Climate Change Impacts on Water ResourcesOne of the biggest impacts of climate change on humanity is the effect it has on our precious water resources. We need water for far more than just drinking; although that is vital as our bodies are made up of around 70% water and we need to maintain this balance for good health. We also need water for agriculture, industry, transport, energy, and various other reasons.

Changes in precipitation, warming temperatures and rises in sea levels continue to affect both our water supply and quality. Potential effects may include an increase in water quality impairment, both drought and flooding, as well as salt water encroachment on coastal water supplies.

Water resources are vital to both society and our ecosystems, and changes will also affect human health, navigation, recreation, infrastructure, manufacturing, and many other sectors.
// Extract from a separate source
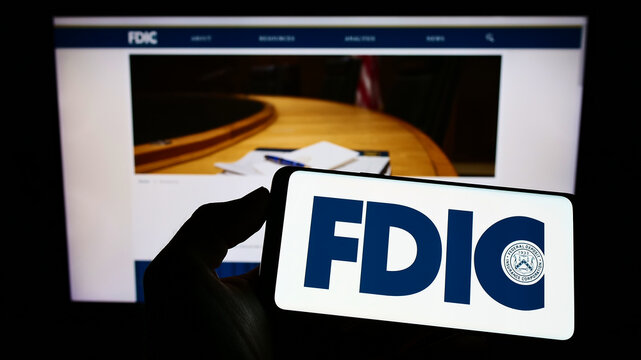 Stuttgart, Germany - 07-10-2022: Person holding cellphone with logo of US Federal Deposit Insurance Corporation (FDIC) on screen in front of webpage. Focus on phone display.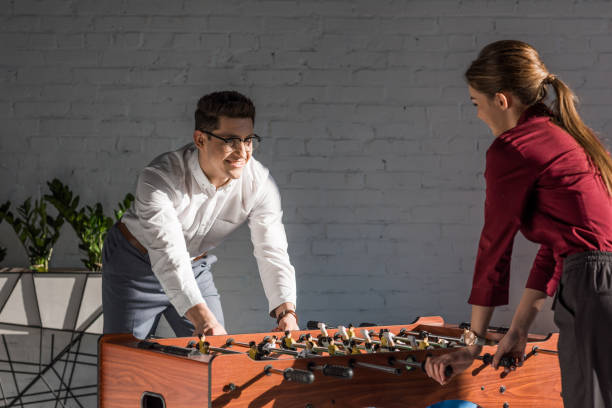 istock happy business partners playing table football at modern office 939978964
Many of these put immense pressure on our water resources though, and this is only likely to increase with and be exacerbated by climate change.
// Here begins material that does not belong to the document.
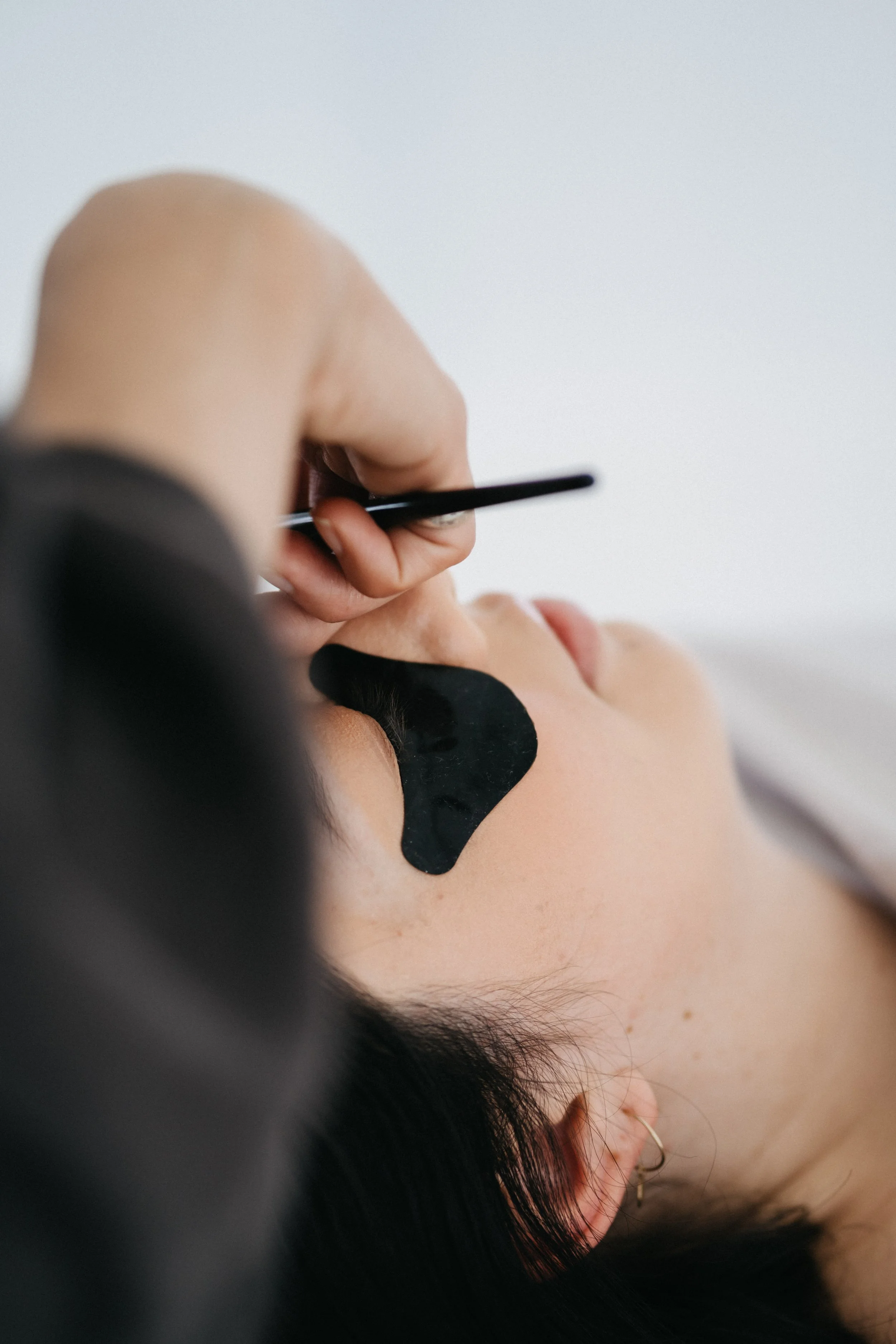 Person receiving a facial with a black facial mask applied, lying down with eyes closed, and another person holding a tool near their face.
Climate change is a dual-edged sword that both increases water demand and shrinks water supplies. This shifting balance will challenge water companies to meet the needs of sensitive ecosystems, fast-growing communities, farmers, energy producers, and manufacturers.

Other problems that may affect the quality and quantity of our water resources include flooding, increases in runoff, sea level rise and damage to the infrastructure used to transport and deliver water.

We all depend on the water cycle, which is constituted of a delicate balance of precipitation, evaporation, and everything in-between. Rising temperatures increase the rate at which water evaporates into the atmosphere, which can dry put some areas and cause floods in others.

The water cycle has changed much over the past few decades, with the amount of rain falling during the most intense storms having increased by around 20% and more precipitation falling as rain than snow. This means less snow as well as rising temperatures causing earlier snow-melt, both of which change the amount of water in the streams and rivers that form the sources for our water.

Rising temperatures mean more water is needed for humans, agriculture, energy, and livestock and this will only get worse as the temperatures get warmer, which can lead to massive conflicts.